:: Assigned task ::
Find the line with "4605 Heatherwood Way" in the entries below, then output every line from it down to the line with "Cross Stitch Vintage", exactly and with no pictures.

:: Records supplied ::

<<<<

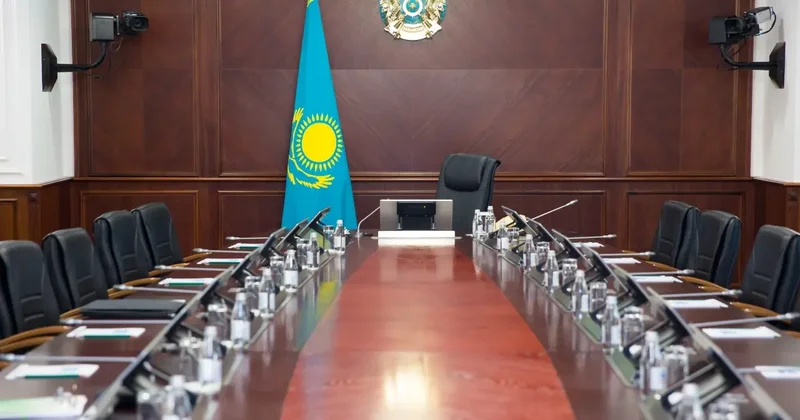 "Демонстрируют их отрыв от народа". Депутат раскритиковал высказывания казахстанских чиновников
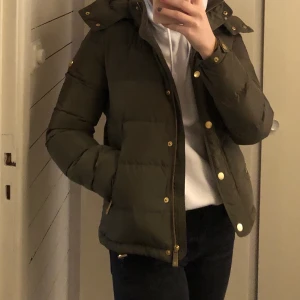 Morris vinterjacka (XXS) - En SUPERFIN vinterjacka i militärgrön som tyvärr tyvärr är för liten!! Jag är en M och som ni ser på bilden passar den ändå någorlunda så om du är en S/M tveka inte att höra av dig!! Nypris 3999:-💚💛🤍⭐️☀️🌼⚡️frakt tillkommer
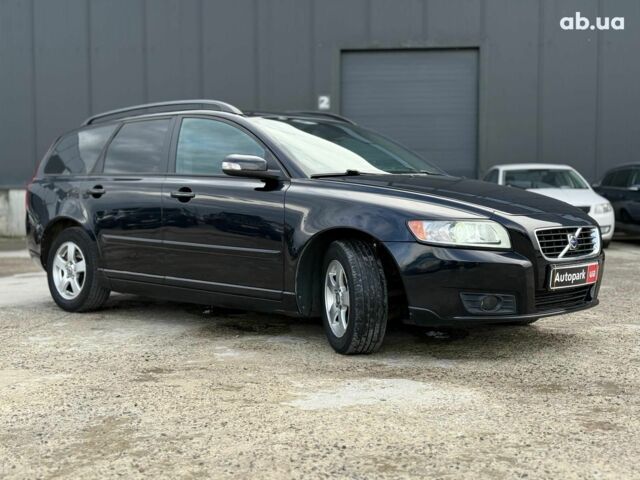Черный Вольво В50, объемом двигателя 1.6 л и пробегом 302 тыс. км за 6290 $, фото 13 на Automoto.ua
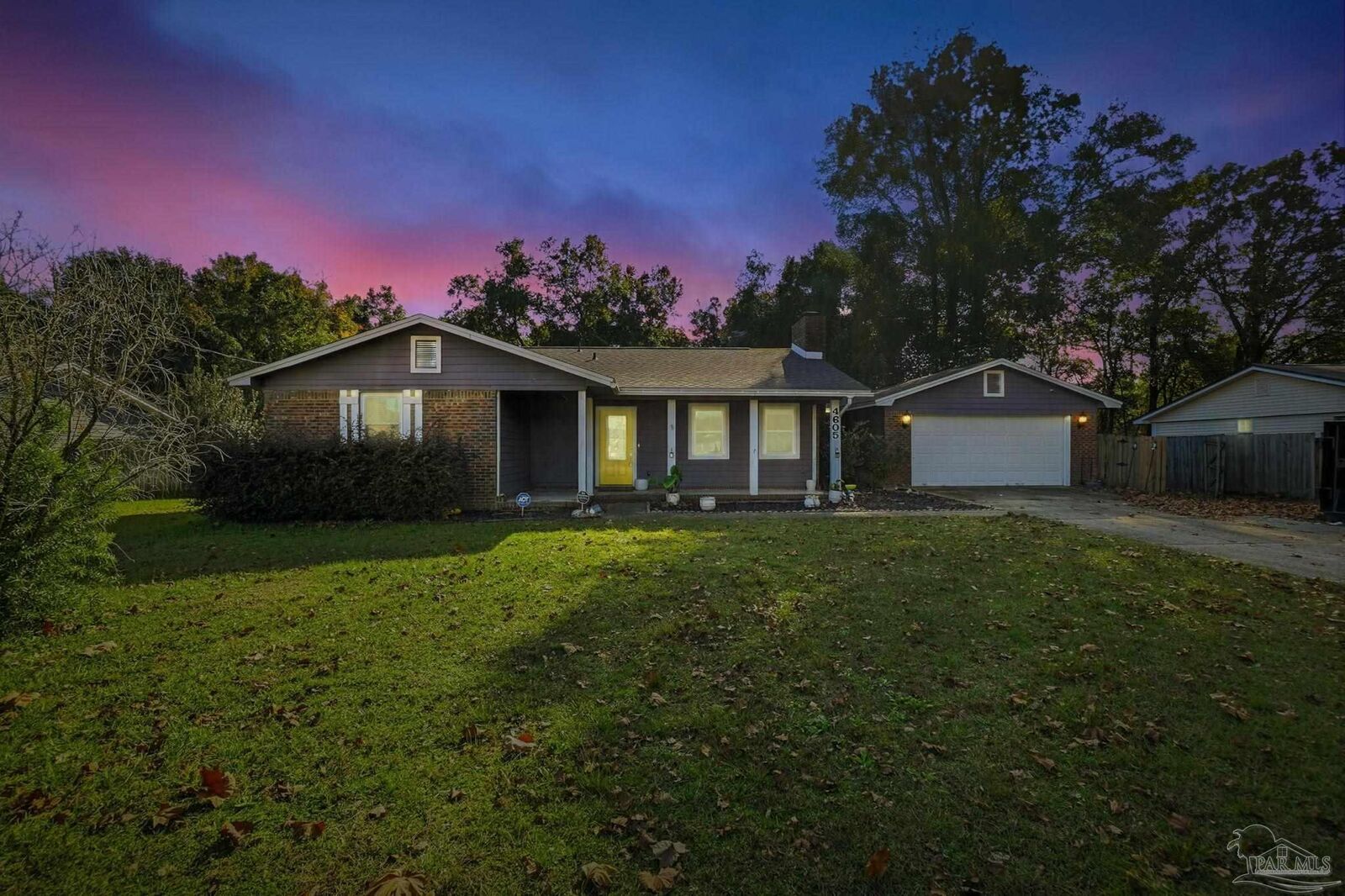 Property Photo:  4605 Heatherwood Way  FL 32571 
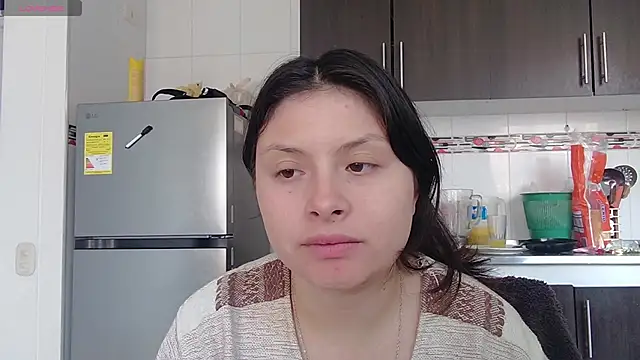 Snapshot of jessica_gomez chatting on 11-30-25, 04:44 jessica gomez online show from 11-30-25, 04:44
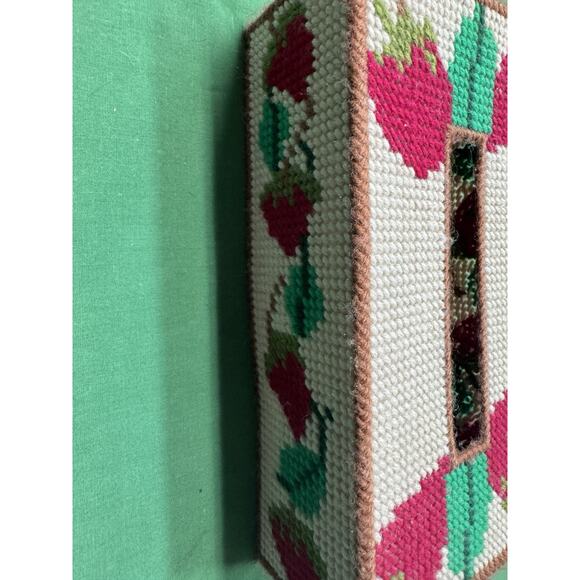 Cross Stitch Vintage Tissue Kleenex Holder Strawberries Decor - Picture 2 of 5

>>>>
<<<<

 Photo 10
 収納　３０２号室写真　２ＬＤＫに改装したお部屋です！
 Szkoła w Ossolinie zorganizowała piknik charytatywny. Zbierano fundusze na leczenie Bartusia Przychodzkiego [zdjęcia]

>>>>

:: Exercise solution ::
 Property Photo:  4605 Heatherwood Way  FL 32571 
 Snapshot of jessica_gomez chatting on 11-30-25, 04:44 jessica gomez online show from 11-30-25, 04:44
 Cross Stitch Vintage Tissue Kleenex Holder Strawberries Decor - Picture 2 of 5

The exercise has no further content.